Opinião
Cada um é muita gente: O velho no muro
Talvez sim, talvez não. A verdade é que ele existe naquele lugar, naquele instante, levantando a mão
Na esquina, dizendo adeus. Lá está ele, velhote, vivendo enquanto partem os seus. Já não há ninguém da sua idade, da sua geração. Todos partem, ele não. E insiste em ficar, como quem não quer a coisa, como quem nem liga à vida, a observar. Sentado ao sol, num pequeno muro de pedra, vê as vidas dos outros a passar.
Ora de carro, ora a pé, muita gente lhe levanta a mão para o cumprimentar. E ele levanta a sua de volta, e volta a vida a passar. O que lhe vai na cabeça, nos olhos que controlam a estrada? Tanta coisa, talvez nada. A sua vida é estar ali, observando o que se passa à sua frente, dando um certo objectivo ao seu dia, dando-lhe que fazer.

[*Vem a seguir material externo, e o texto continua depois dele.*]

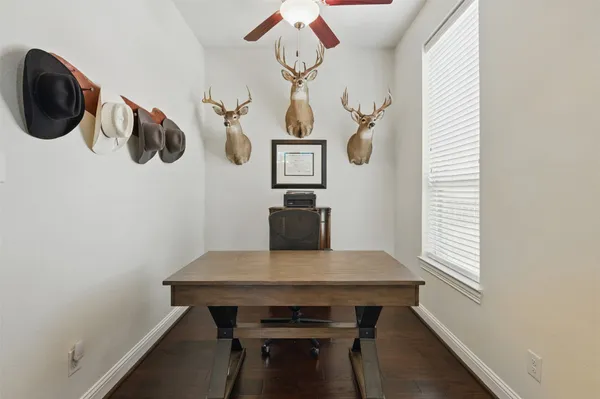 a view of a dining room with furniture and window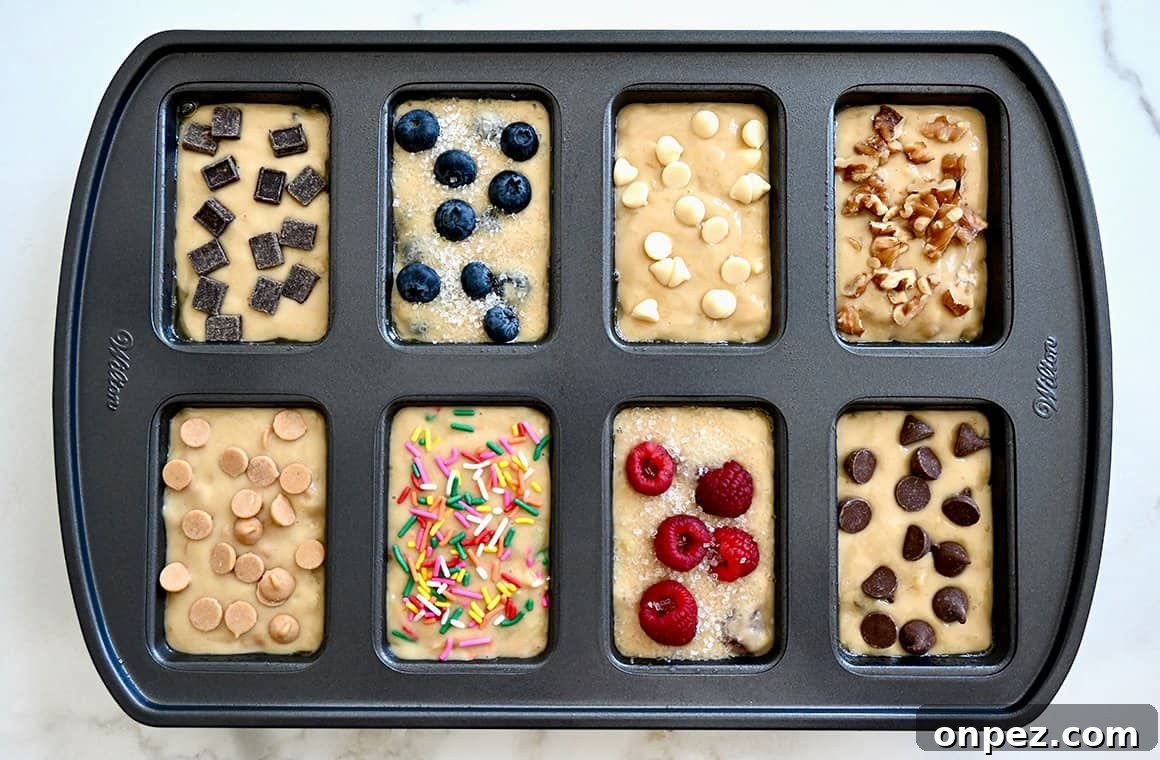 A top-down view of a mini loaf pan containing batter topped with a variety of toppings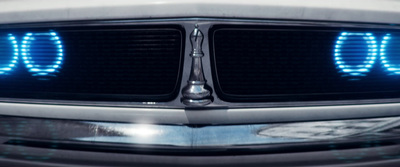 a close up of the headlights of a car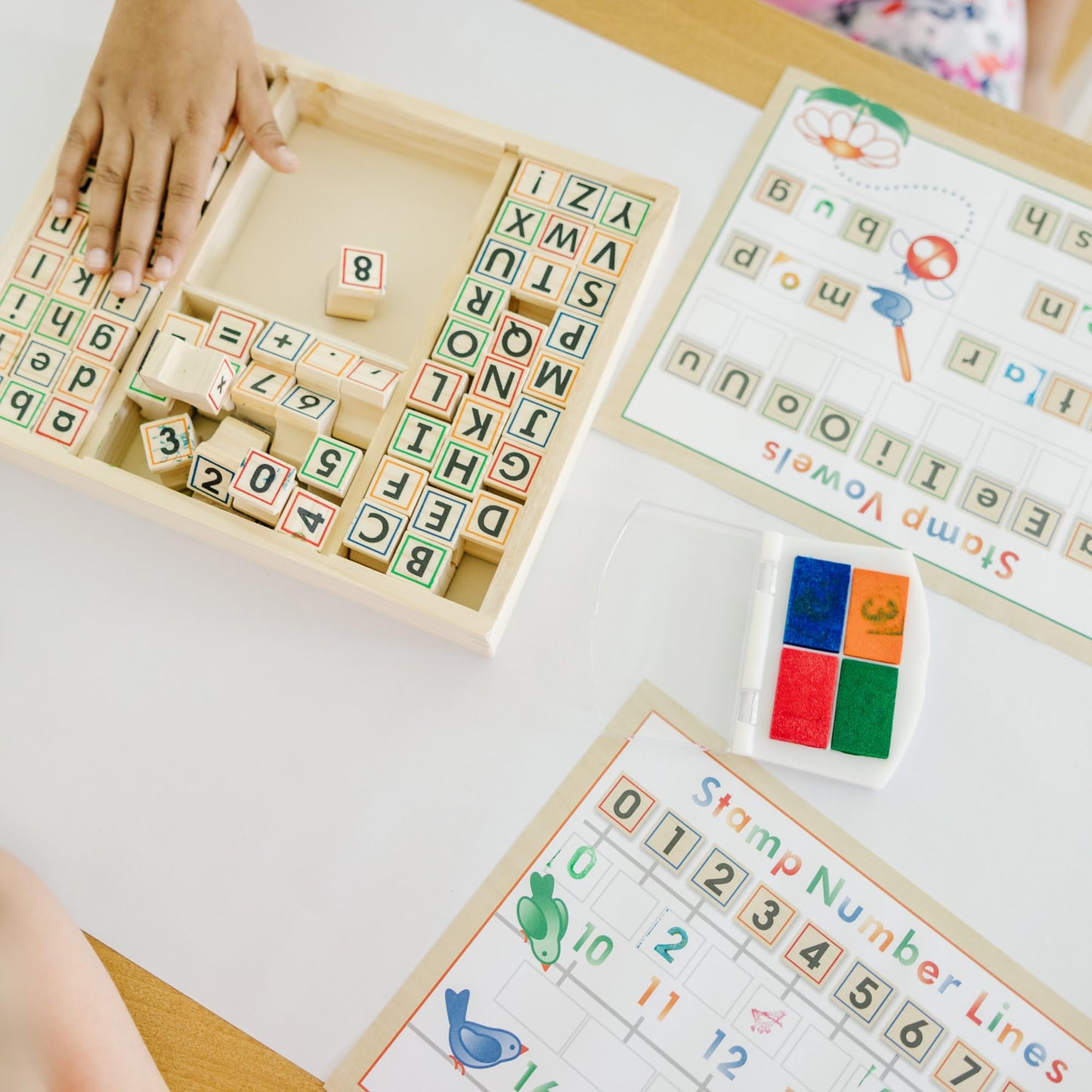 Melissa & Doug Deluxe Letters and Numbers Wooden Stamp Set ABCs 123s With Activity Book, 4-Color Stamp Pad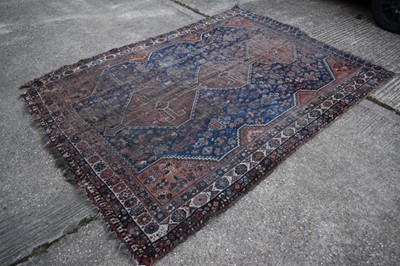 Lot 1328 - Shiraz rug with midnight blue ground and three conjoined medallions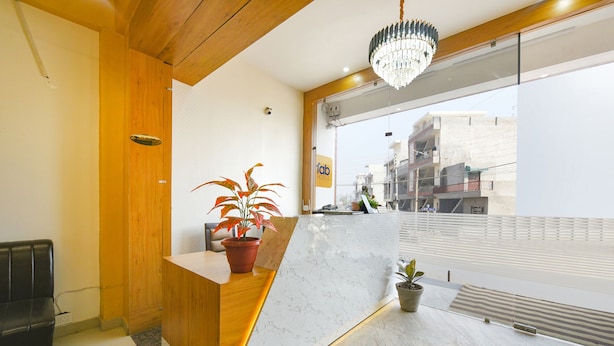 Zona de recepción con mostrador de madera, una planta en maceta y vistas a edificios a través del ventanal.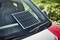 Solarni panel leži na prednjoj staklenoj površini crvenog automobila, očito za punjenje baterije pomoću sunčeve energije.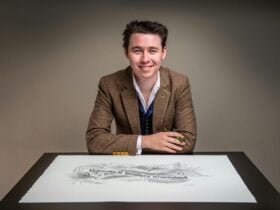 Brodie sitting at a table with a piece of calligraphy in front of him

Se alguém lhe perguntar, ele dirá que está a viver.
Tanta gente que ele vê, que passa ali naquele lugar. Tanta vida que ele, ali, deve inventar. Aquela leva os filhos à escola, aquele vai almoçar, aquela vai às compras, aqueles vão trabalhar.

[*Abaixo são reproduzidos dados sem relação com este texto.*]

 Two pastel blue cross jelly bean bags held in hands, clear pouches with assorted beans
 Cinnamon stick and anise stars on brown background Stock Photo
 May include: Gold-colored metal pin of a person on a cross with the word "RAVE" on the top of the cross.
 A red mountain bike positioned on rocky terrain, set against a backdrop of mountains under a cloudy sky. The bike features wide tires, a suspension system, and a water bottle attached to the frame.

Esteja frio ou calor, ele não sai dali durante uns bons infinitos. Sempre que o vejo, ele está lá. Mas não passa lá os dias inteiros, obviamente. Tem a sua vida noutros lugares, em casa, na horta, no café, nos caminhos, na família. Eu é que olho para ele ali, naquela esquina, naquele lugar, e parece mobília.
Parece tudo aquilo que nós quisermos pensar. Um velho ali quieto, a olhar. Faz parte da paisagem, fará parte da miragem quando ele deixar de existir. É ele a sua imagem, é ela que nos diz adeus a sorrir.
Ora de boné, ora de gorro, o tempo não lhe mete medo. O que será que ele vê além do óbvio? Qual é o seu segredo? Será que conhece mesmo toda a gente? Será que está ali só por estar, indiferente? Talvez sim, talvez não. A verdade é que ele existe naquele lugar, naquele instante, levantando a mão.
Por vezes, faz só um aceno com a cabeça. E aquele gesto ameno faz com que tudo aconteça. Se eu o olho e lhe digo olá, todo o seu rosto brilha, e parece que ele sai da ilha onde está.
Todo ele sorri, todo ele é dono de si, da sua felicidade. Alguém o viu, alguém lhe disse olá ou disse adeus - é tão difícil distinguir - e ele respondeu do lado de lá, sempre a sorrir.